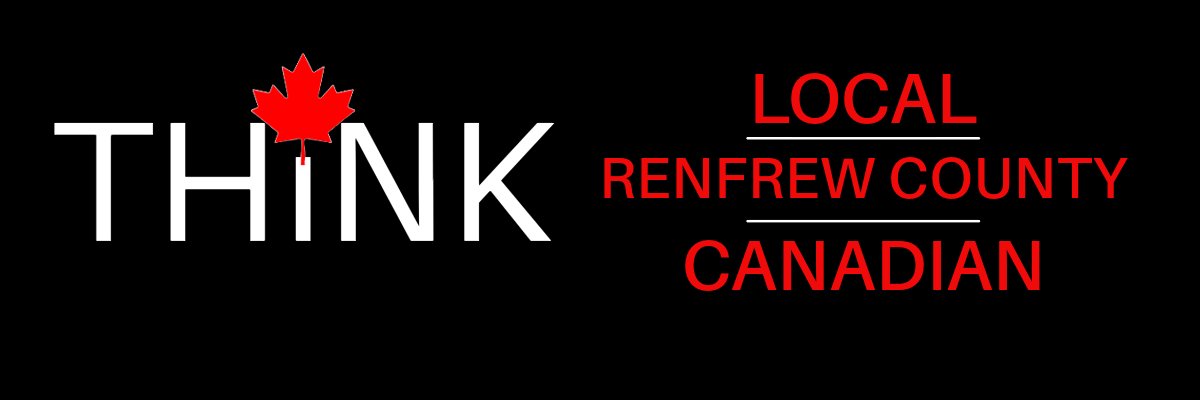 County of Renfrew banner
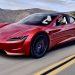 Elon Musk vient de dévoiler un détail ahurissant sur la Tesla Roadster !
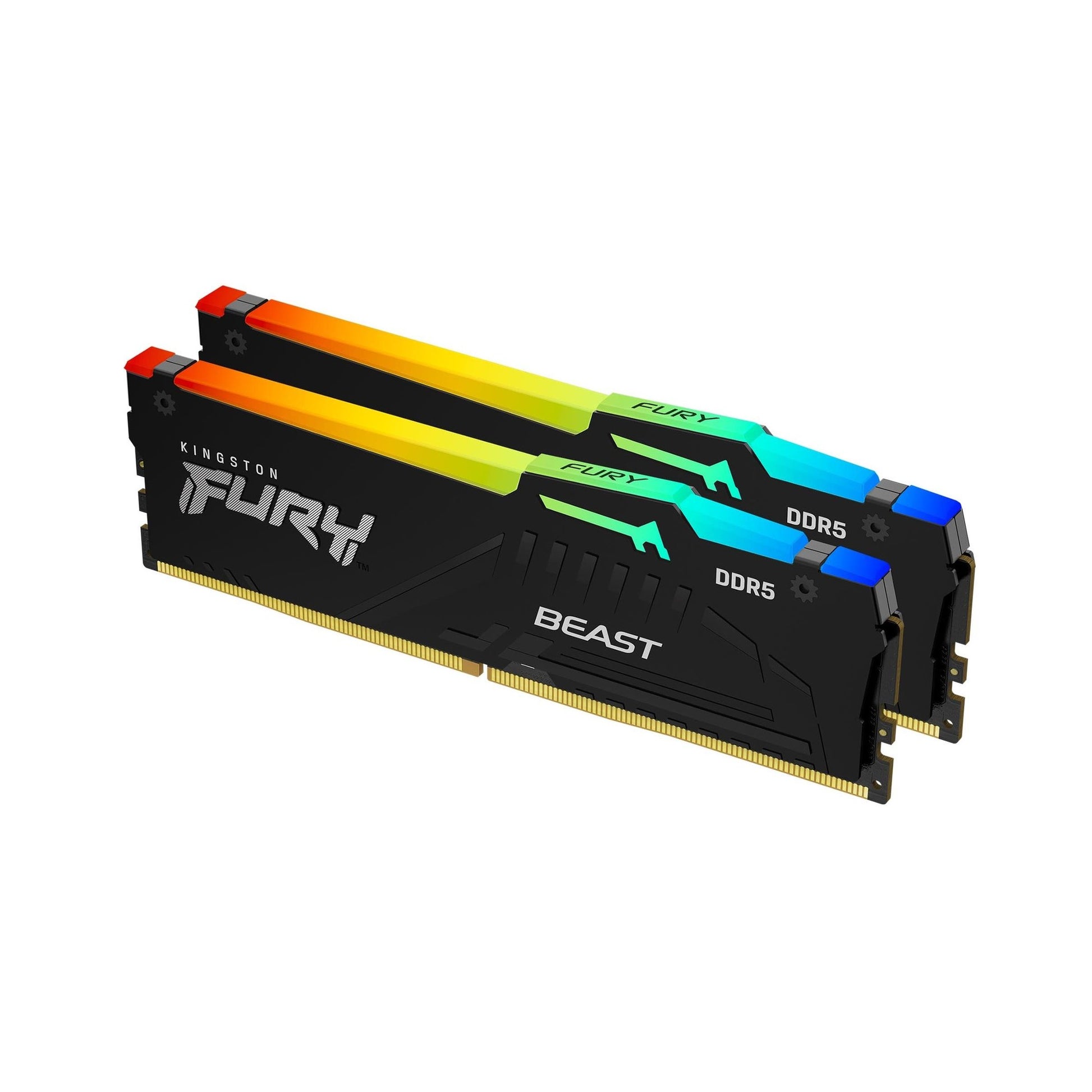 FURY Beast RGB DDR5 32GB 2-Kit 5600MT/s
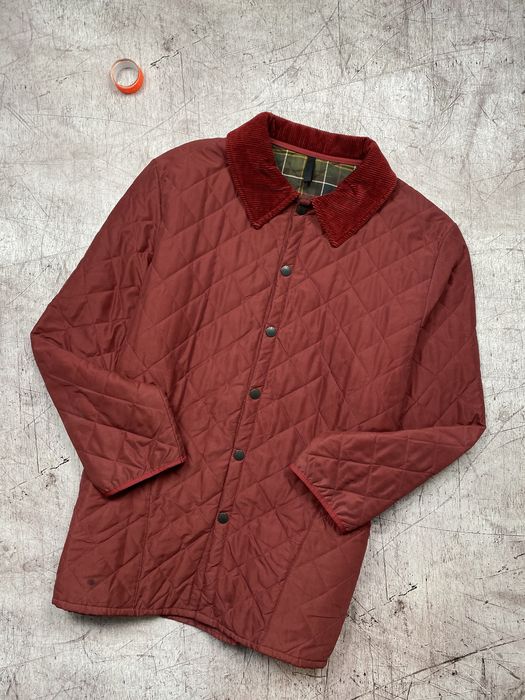 Barbour Barbour Vintage Classic Quilted Eskdale Jacket | Grailed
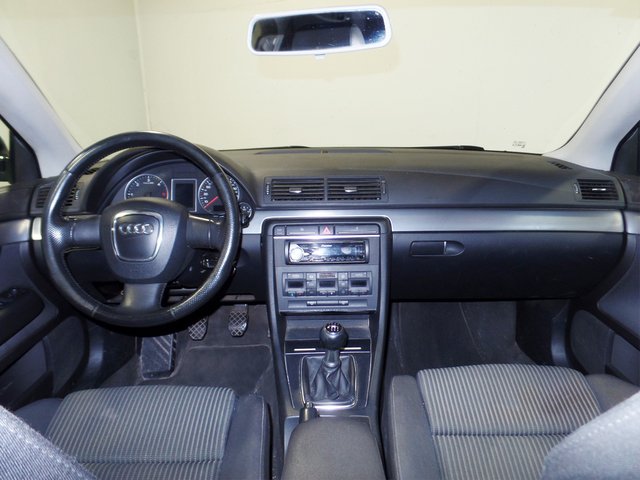 Audi A4 35 TDI Advanced S Tronic 150CV (AUTOMÁTICO) Diesel de ocasión 6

+ + + + +

_Assignment_:
Restate the listing word for word and drop the pictures.

_Completed task_:
 County of Renfrew banner
 Elon Musk vient de dévoiler un détail ahurissant sur la Tesla Roadster !
 FURY Beast RGB DDR5 32GB 2-Kit 5600MT/s
 Barbour Barbour Vintage Classic Quilted Eskdale Jacket | Grailed
 Audi A4 35 TDI Advanced S Tronic 150CV (AUTOMÁTICO) Diesel de ocasión 6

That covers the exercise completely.